NINTH:  BYLAWS.  The Board of Directors shall have power to make, alter, amend and repeal the Bylaws, except so far as Bylaws adopted by the holders of Common Stock shall otherwise provide. Notwithstanding the foregoing, Bylaw provisions relating to informal action by holders of Common Stock without a meeting, nomination of director candidates by holders of Common Stock, notice of matters to be brought before an annual meeting by holders of Common Stock, the number, election and terms of directors elected by holders of Common Stock, the removal of directors elected by holders of Common Stock, the filling of vacancies on the Board of Directors created by an increase in the number of directors or by the death, resignation, removal or disqualification of directors elected by the holders of Common Stock, and the manner of calling and persons authorized to call special meetings of holders of Common Stock shall not be altered, amended or repealed, and no provisions inconsistent therewith shall be adopted, without (i) the approval of a majority of the Disinterested Directors, as defined in Article ELEVENTH hereof, or (ii) the affirmative vote of the holders of at least eighty percent (80%) of the votes entitled to be cast by the holders of Common Stock.

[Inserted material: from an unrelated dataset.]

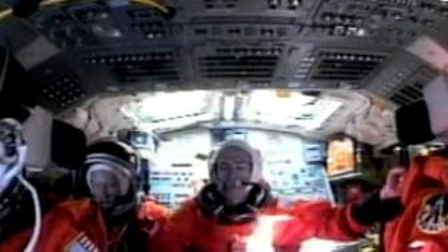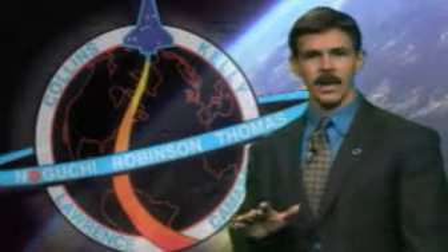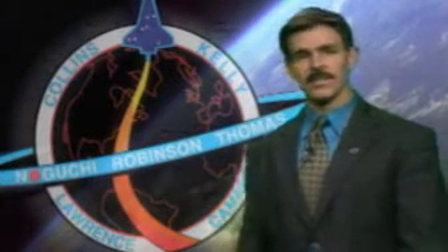At any time during the whole flight, the astronauts can intervene and take over most of the functions that the GPCs are performing. But when we're here on the ground, the Launch Processing System is pretty much in control and interfacing with the GPCs on board the orbiter. And that's how the Launch Processing System works.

TENTH:  FAIR PRICE PROVISION.

(a) Vote Required for Certain Business Combinations.

1.
Higher Vote for Certain Business Combinations.  In addition to any affirmative vote required by law or this Amended and Restated Certificate of Incorporation, and except as otherwise expressly provided in Section (b) of this Article,

(A)
any merger or consolidation of the Corporation or any Subsidiary (as hereinafter defined) with (i) any Interested Stockholder (as hereinafter defined) or (ii) any other person (whether or not itself an Interested Stockholder) which is, or after such merger or consolidation would be, an Affiliate (as hereinafter defined) of an Interested Stockholder; or

(B)
any sale, lease, exchange, mortgage, pledge, transfer or other disposition (in one transaction or a series of transactions) to or with any Interested Stockholder or any Affiliate of any Interested Stockholder of any assets of the Corporation or any Subsidiary having an aggregate Fair Market Value of $10,000,000 or more; or

(C)
the issuance or transfer by the Corporation or any Subsidiary (in one transaction or a series of transactions) of any securities of the Corporation or any Subsidiary to any Interested Stockholder or any Affiliate of any Interested Stockholder in exchange for cash, securities or other property (or a combination thereof) having an aggregate Fair Market Value of $10,000,000 or more; or


(D)
the adoption of any plan or proposal for the liquidation or dissolution of the Corporation proposed by or on behalf of any Interested Stockholder or any Affiliate of any Interested Stockholder; or

(E)
the adoption of any plan of share exchange between the Corporation or any Subsidiary with any Interested Stockholder or any other person which is, or after such share exchange would be, an Affiliate of any Interested Stockholder; or

(F)
any reclassification of securities (including any reverse stock split), or recapitalization of the Corporation, or any merger or consolidation of the Corporation with any of its Subsidiaries or any other transaction (whether or not with or into or otherwise involving an Interested Stockholder) which has the effect, directly or indirectly, of increasing the proportionate share of the outstanding shares of any class of Equity Security (as hereinafter defined) of the Corporation or any Subsidiary (as hereinafter defined) or the Corporation or any Subsidiary which is directly or indirectly owned by any Interested Stockholder or any Affiliate of any Interested Stockholder;

shall require the affirmative vote of the holders of at least eighty percent (80%) of the votes entitled to be cast by the holders of Common Stock.  Such affirmative vote shall be required notwithstanding the fact that no vote may be required, or that a lesser percentage may be specified, by law or in any agreement with any national securities exchange or otherwise.

2.
Definition of "Business Combination".  The term "Business Combination" used in this Article shall mean any transaction which is referred to in any one or more of clauses (A) through (F) of Paragraph 1 of this Section (a).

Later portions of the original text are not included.